Negligence law




Q. If someone causes an accident and I am hurt, on what basis will that
person be responsible (liable)?

A. A person is liable if he or she was negligent in causing the accident. Persons
who act negligently never set out (intend) to cause a result like an injury to another person.
Rather, their liability stems from careless or thoughtless conduct or a failure to act when a
reasonable person would have acted. Conduct becomes “negligent” when it falls below a
legally recognized standard of taking reasonable care under the circumstances to protect
others from harm.




Q. Negligence law seems so confusing. It uses words such as duty and
causation. What do they mean?

A. Negligence law can be complex and confusing even for people who are familiar
with it. To understand it better, forget all the legal jargon and go back to casino online the car accident
example. A driver has a duty to use reasonable care to avoid injuring anyone he or she
meets on the road. If a driver fails to use reasonable care and as a result of that failure
injures you, then the driver is responsible (liable) to you for those injuries.
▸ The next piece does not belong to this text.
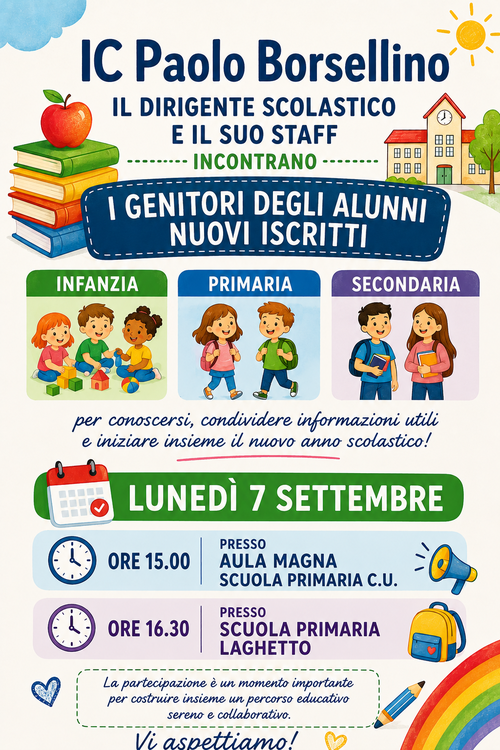 incontri con i genitori 7 settembre 2026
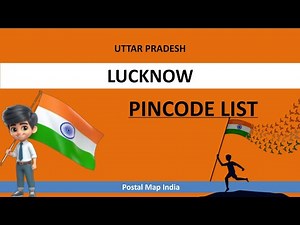 Lucknow District Pincode List || UTTAR PRADESH Zip Codes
Q. Who determines whether a defendant has acted reasonably?

A. After being presented evidence by your lawyer, a judge or jury will decide what
an “ordinary” or “reasonable person” would have done in similar circumstances. In the
example of an automobile accident, a judge or jury is likely to find a driver negligent if his
or her conduct departed from what an ordinary reasonable person would have done in
similar circumstances. An example would be failing to stop at a stoplight or stop sign.